Calculus Problem: Braking Distance for Initial Speed 4v

[Shinaolord]

Homework Statement

The braking distance for an automobile with initial speed v is d. What is the braking distance if the initial speed of the automobile is 4v? Assume the automobile experiences the same constant acceleration in each case.

Homework Equations

v=v₀ + at
Δd = ∫v dt = v₀t + at²/2

The Attempt at a Solution

So, I know that the speed 4v is going to replace v₀, yielding
∫4v dt = 4∫v dt = 4(v₀t + at²/2) +c, where c can be considered d=0.
This is where I need some assistance. I'm not entirely sure what the next step I should take to solve the equation.
Could it possibly be that we isolate v, and then compute? I'm really confused on this question.
By the way, this is from an exam from my college used several years ago, they are now used as practice exams.

EDIT: Could it possibly be as simple as 4d? I have severe doubts that this is definitely not the right answer, and I'm worried that I haven't' developed the intuition to solve these problems yet...With exams starting The week of the 15th

 

[Shinaolord]

Possibly, 4v= 1/2 at²?
[STRIKE]than √8v/a = t₁

compared to √2v/a= t₂

and then plug these into the kinematic equation for distance?

[/STRIKE]

I retract this statement.

 

[collinsmark]

You could actually solve this using the d = v₀t +(1/2)at², along with some other substitutions. But that's not the easiest way. As a matter of fact, that way wouldn't be very easy at all (although technically possible).

Why not start with a different kinematics equation for uniform acceleration. For this problem you are not interested in time, t, so you really don't need an equation that has t in it.

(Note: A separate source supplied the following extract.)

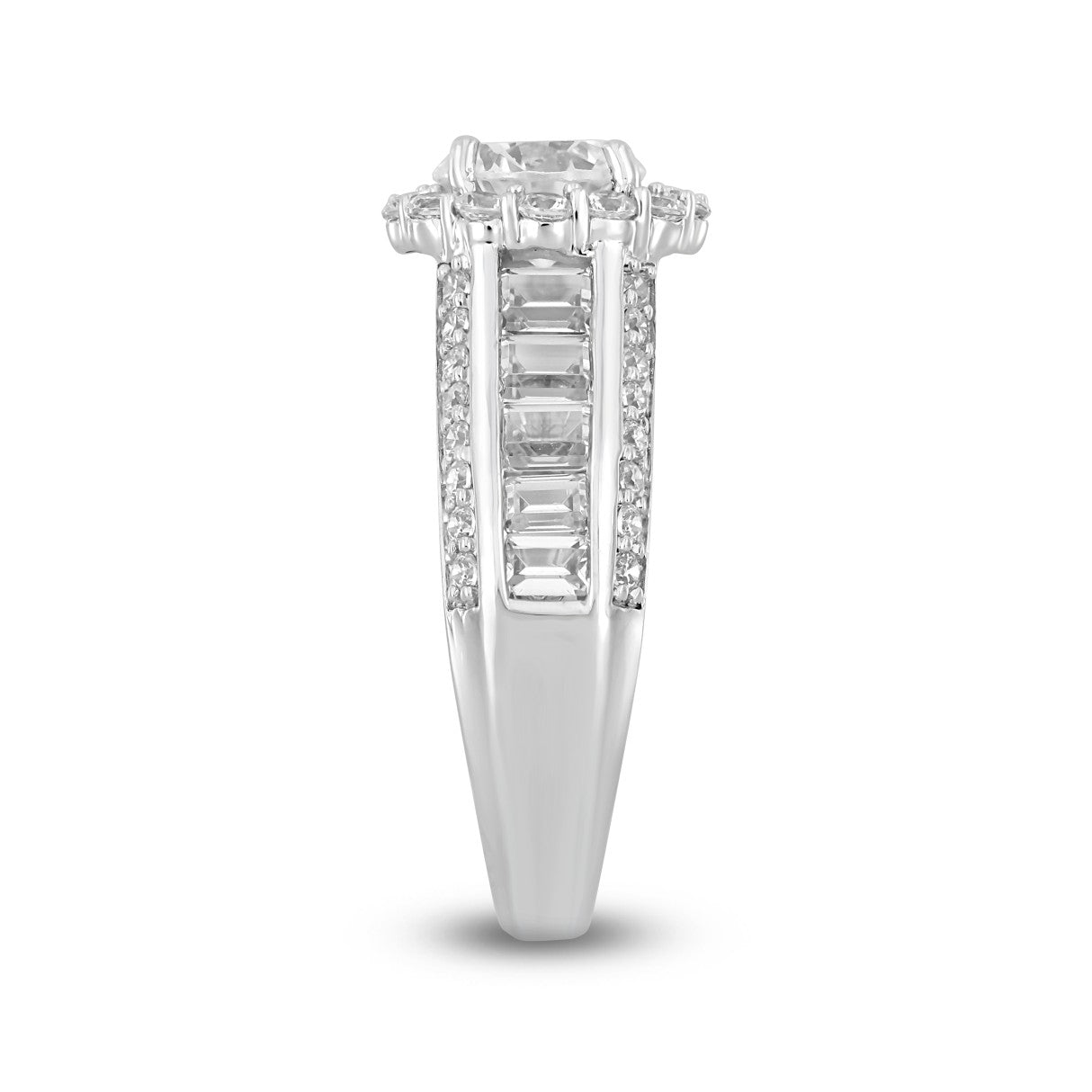 LADIES RING 3 3/4CT ROUND/EMERALD DIAMOND 14K WHITE GOLD (CENTER STONE ROUND DIAMOND 1 1/2CT )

But can you find a kinematics equation for uniform acceleration that has velocity (initial and final), acceleration and distance in it?

 

[collinsmark]

By the way,

If you don't know which equation that I'm talking about, you could find it by starting with your
v = v₀ + at
equation, solve for t and substitute that into the
d = v₀t + (1/2)at²
equation. So it is possible with the equations that you already have.

You can alternatively derive the equation for which I speak by using the work-energy theorem.
The work done for a single, constant force (which implies uniform acceleration, since F = ma) over a distance, d, is W = Fd
The change in kinetic energy is (1/2)mv² - (1/2)mv₀².
(equate the two and cancel out the ms).

 

[Shinaolord]

My apologies, I fell asleep, and with your suggestions I would now start with
v_f² =v₀²+2aΔx

 

[Shinaolord]

I will chug the numbers tomorrow, I'm to tired and will most likely make a mistake.